# Exercise aim
Drop the images. Copy every line below character for character.

Extracted records
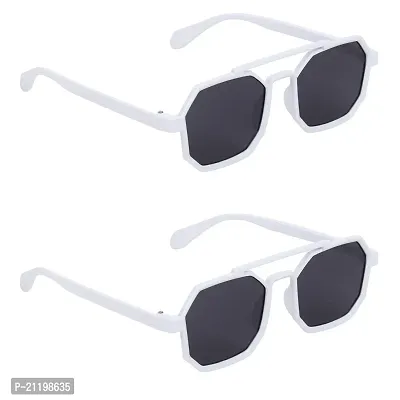 Criba Stylish 11964 White Black_ Men vs Women _ Sunglasses -  Pack of 2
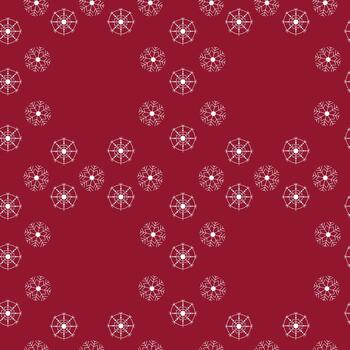 un sin costura Navidad y nuevo años modelo con copos de nieve en un rojo antecedentes. Perfecto para embalaje y saludo tarjetas, huellas dactilares, pancartas, y carteles invierno elementos en un rojo antecedentes vector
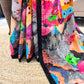 Multicolor Floral Printed Saree With Black Lace Border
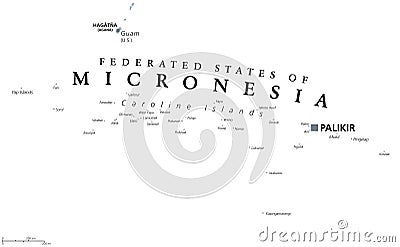 Federated States of Micronesia political map Vector Illustration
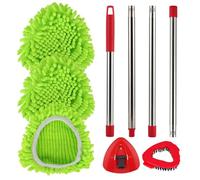 Upgraded Spin Mop Head Replacement for Vileda EasyWring, 3 Chenille&Microfiber Mop Head Refills, 1 Base, 1 Brush, 4-Section 58" Handle for Vileda O-Cedar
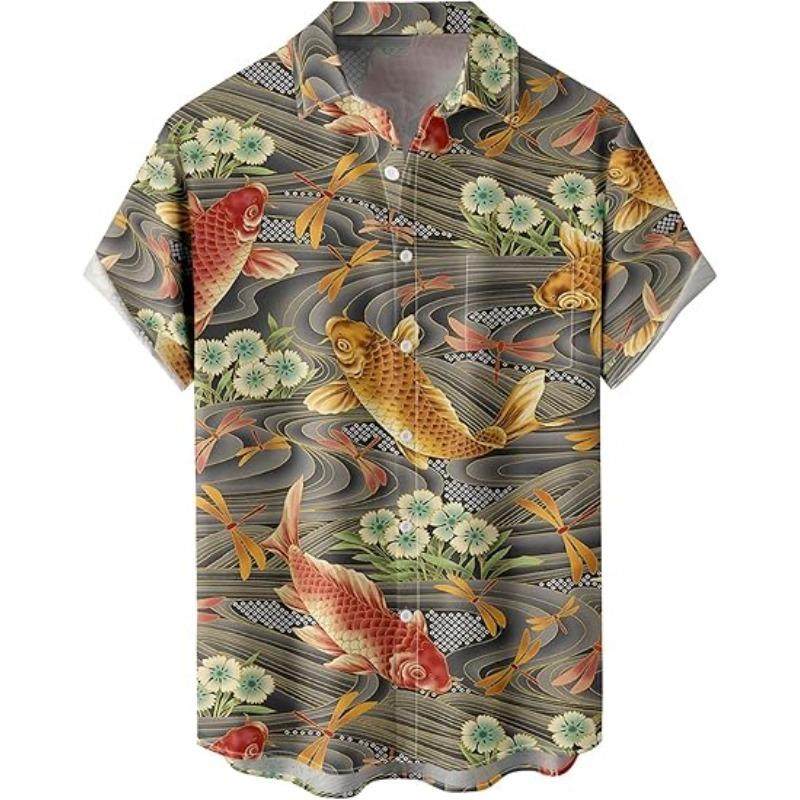 Hawaiian Shirt Men's Loose Short Sleeved Men's Beach Shirt Vacation Casual Shirt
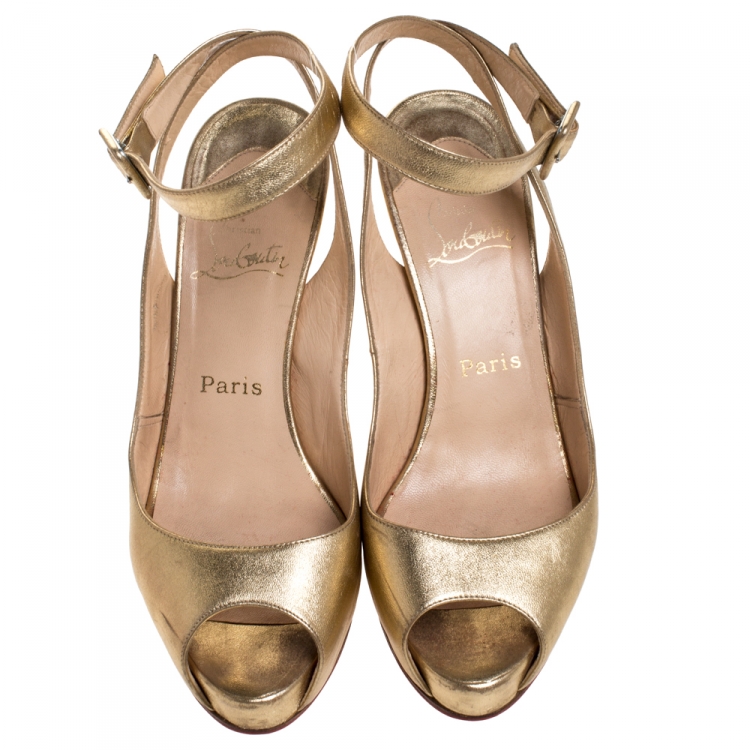 Pre Owned Christian Louboutin Gold Leather Platform Ankle Strap Sandals Size 38.5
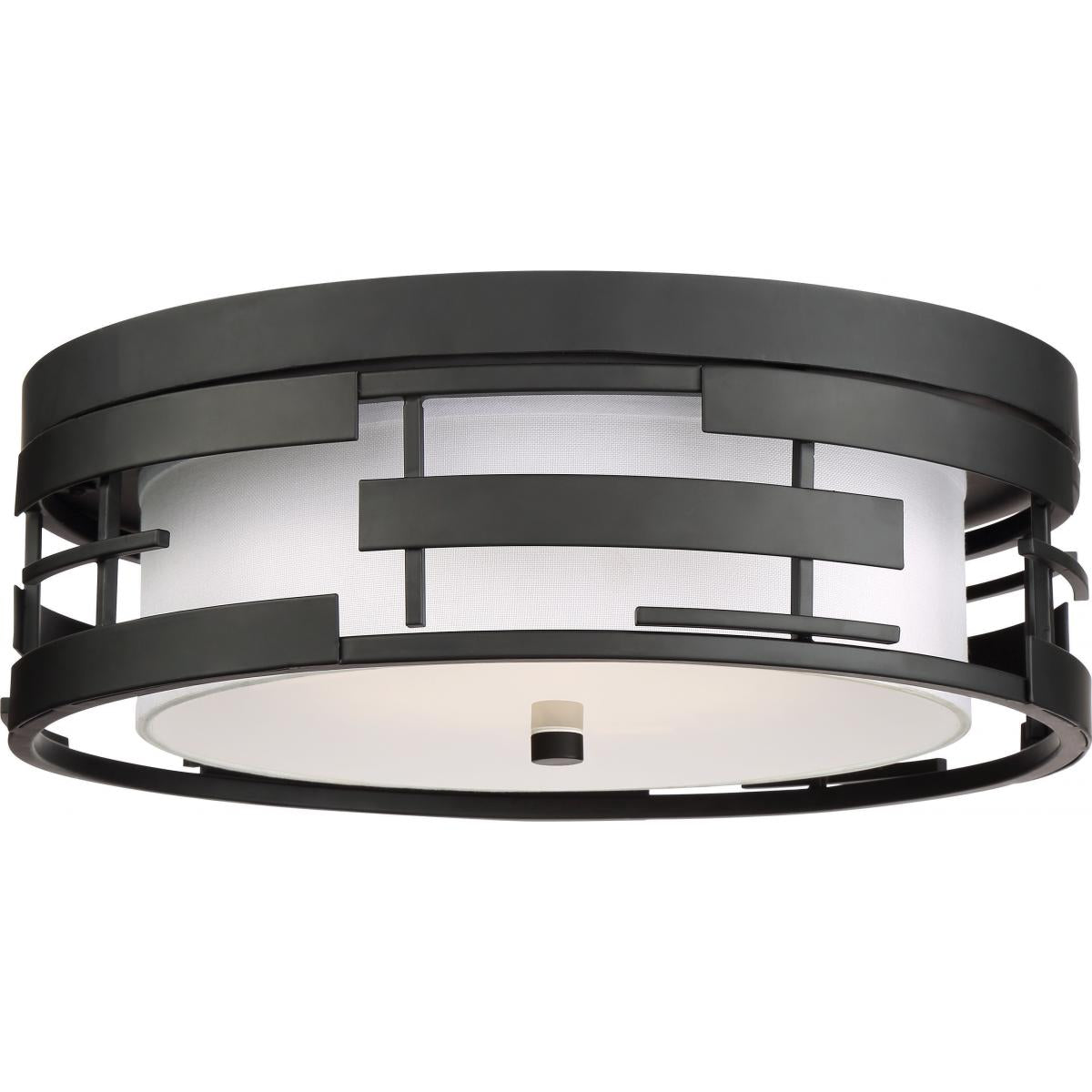 Lansing - 3 Light Flush with White Fabric Shade & Opal Diffuser - Midnight Bronze Finish - Satco 60-6434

# Final answer
 Criba Stylish 11964 White Black_ Men vs Women _ Sunglasses -  Pack of 2
 un sin costura Navidad y nuevo años modelo con copos de nieve en un rojo antecedentes. Perfecto para embalaje y saludo tarjetas, huellas dactilares, pancartas, y carteles invierno elementos en un rojo antecedentes vector
 Multicolor Floral Printed Saree With Black Lace Border
 Federated States of Micronesia political map Vector Illustration
 Upgraded Spin Mop Head Replacement for Vileda EasyWring, 3 Chenille&Microfiber Mop Head Refills, 1 Base, 1 Brush, 4-Section 58" Handle for Vileda O-Cedar
 Hawaiian Shirt Men's Loose Short Sleeved Men's Beach Shirt Vacation Casual Shirt
 Pre Owned Christian Louboutin Gold Leather Platform Ankle Strap Sandals Size 38.5
 Lansing - 3 Light Flush with White Fabric Shade & Opal Diffuser - Midnight Bronze Finish - Satco 60-6434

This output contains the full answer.